> [Your task] Return precisely the opening lines of the listing below, ending with the line that contains "1952 (original) Topps".

> [Data for this task]

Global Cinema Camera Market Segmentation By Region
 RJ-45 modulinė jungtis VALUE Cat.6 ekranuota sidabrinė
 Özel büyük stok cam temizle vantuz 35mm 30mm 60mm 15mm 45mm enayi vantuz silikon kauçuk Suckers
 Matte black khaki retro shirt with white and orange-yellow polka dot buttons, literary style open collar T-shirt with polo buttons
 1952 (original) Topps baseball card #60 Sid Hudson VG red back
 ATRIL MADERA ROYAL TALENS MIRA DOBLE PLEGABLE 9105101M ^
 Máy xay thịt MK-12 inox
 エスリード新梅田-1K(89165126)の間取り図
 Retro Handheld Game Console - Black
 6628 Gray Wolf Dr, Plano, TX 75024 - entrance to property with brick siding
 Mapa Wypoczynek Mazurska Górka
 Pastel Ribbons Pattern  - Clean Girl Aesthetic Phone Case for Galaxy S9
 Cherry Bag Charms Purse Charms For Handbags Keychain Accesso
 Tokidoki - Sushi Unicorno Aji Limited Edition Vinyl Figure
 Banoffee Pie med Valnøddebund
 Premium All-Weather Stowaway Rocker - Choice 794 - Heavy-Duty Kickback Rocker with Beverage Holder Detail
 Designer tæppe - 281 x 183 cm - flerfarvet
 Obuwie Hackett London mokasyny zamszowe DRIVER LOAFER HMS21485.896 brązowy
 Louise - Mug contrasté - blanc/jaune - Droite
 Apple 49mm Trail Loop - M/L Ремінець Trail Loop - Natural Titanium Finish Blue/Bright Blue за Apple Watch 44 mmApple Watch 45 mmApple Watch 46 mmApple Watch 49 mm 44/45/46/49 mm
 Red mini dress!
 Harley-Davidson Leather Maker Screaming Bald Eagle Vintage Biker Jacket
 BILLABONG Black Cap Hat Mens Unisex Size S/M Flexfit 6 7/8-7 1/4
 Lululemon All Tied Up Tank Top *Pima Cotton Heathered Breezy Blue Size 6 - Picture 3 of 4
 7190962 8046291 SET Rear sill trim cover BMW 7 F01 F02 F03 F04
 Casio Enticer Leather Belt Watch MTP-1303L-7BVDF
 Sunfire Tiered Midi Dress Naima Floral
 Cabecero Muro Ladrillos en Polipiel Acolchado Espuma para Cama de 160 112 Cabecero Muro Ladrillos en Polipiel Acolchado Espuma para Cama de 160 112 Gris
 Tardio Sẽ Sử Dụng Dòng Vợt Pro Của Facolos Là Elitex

> [Answer space]
Global Cinema Camera Market Segmentation By Region
 RJ-45 modulinė jungtis VALUE Cat.6 ekranuota sidabrinė
 Özel büyük stok cam temizle vantuz 35mm 30mm 60mm 15mm 45mm enayi vantuz silikon kauçuk Suckers
 Matte black khaki retro shirt with white and orange-yellow polka dot buttons, literary style open collar T-shirt with polo buttons
 1952 (original) Topps baseball card #60 Sid Hudson VG red back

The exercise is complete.